Menurut Wisnu, peringatan keras dan seruan menghentikan aktivitas ibadah Jamaah Ahmadiyah itu akan diatur dalam surat keputusan bersama Menteri Agama, Jaksa Agung, dan Menteri Dalam Negeri sesuai UU Nomor 1/PNPS/1965 tentang Pemberantasan Tindak Pidana Subversif.

Bila status Ahmadiyah telah jelas dan payung hukum untuk mengeksekusi mereka telah ada, lalu apa lagi yang ditunggu? Inilah persoalan sebenarnya. Ada apa dengan pemerintah? Mengapa masih melakukan tarik ulur atas persoalan yang amat sensitif dan mendasar bagi umat Islam?

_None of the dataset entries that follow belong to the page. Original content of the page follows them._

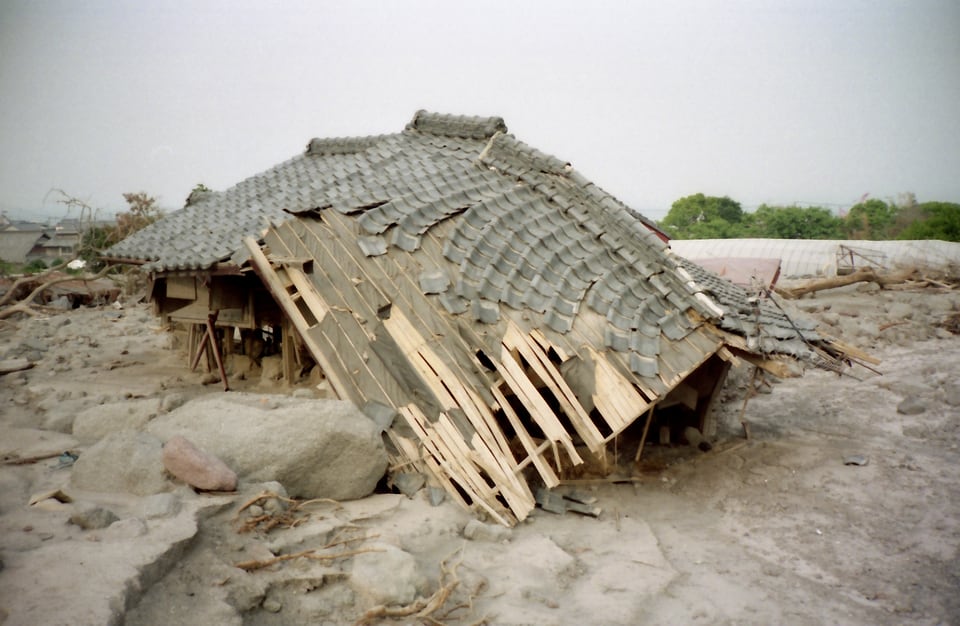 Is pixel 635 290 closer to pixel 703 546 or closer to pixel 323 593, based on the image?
pixel 703 546

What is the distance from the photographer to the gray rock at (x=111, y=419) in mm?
6254

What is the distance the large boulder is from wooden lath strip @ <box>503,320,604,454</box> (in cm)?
162

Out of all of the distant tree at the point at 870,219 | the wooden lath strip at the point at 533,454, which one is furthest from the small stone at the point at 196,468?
the distant tree at the point at 870,219

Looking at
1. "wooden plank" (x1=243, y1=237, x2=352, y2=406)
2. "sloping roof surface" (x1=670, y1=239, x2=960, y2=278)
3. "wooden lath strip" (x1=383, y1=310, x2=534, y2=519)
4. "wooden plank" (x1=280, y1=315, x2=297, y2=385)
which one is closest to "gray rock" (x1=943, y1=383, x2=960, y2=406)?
"wooden lath strip" (x1=383, y1=310, x2=534, y2=519)

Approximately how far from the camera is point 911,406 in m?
8.80

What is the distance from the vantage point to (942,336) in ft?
42.7

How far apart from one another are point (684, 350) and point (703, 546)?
5.94 feet

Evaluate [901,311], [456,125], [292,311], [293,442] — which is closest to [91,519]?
[293,442]

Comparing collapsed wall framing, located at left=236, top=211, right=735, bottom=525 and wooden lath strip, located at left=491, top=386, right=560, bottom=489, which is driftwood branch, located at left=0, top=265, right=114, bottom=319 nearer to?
collapsed wall framing, located at left=236, top=211, right=735, bottom=525

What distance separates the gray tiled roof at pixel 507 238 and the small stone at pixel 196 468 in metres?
2.59

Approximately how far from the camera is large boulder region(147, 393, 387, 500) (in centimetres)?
541

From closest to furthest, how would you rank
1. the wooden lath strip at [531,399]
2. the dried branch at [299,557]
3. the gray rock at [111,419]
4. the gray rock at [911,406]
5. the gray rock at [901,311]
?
the dried branch at [299,557] → the wooden lath strip at [531,399] → the gray rock at [111,419] → the gray rock at [911,406] → the gray rock at [901,311]

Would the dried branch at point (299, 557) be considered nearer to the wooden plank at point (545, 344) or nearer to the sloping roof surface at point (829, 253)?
the wooden plank at point (545, 344)

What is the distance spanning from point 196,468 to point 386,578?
5.88ft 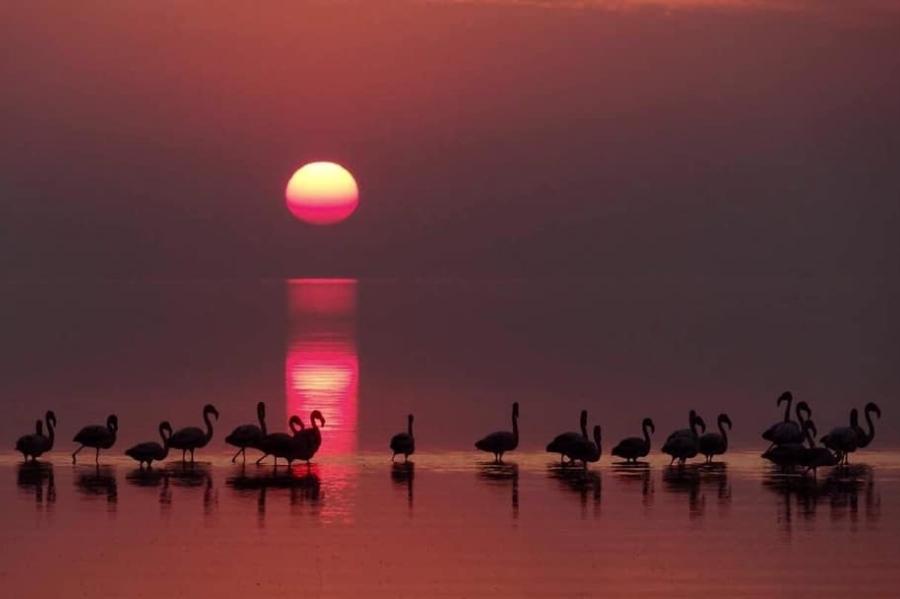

Maka terlihat sekali, upaya dibukanya kran dialog dengan kelompok Ahmadiyah adalah bagian dari skenario untuk memuluskan keenganan pemerintah untuk membubarkan Ahmadiyah. Dan ruang dialog di harapkan bisa melahirkan sikap toleransi secara kolektif dan kumulatif hingga akan melegitimasi pilihan pemerintah “melindungi” Ahmadiyah. Jadi ini upaya liberalisasi terselubung yang berjalan berbanding lurus dengan keputusan yang akan diambil pemerintah.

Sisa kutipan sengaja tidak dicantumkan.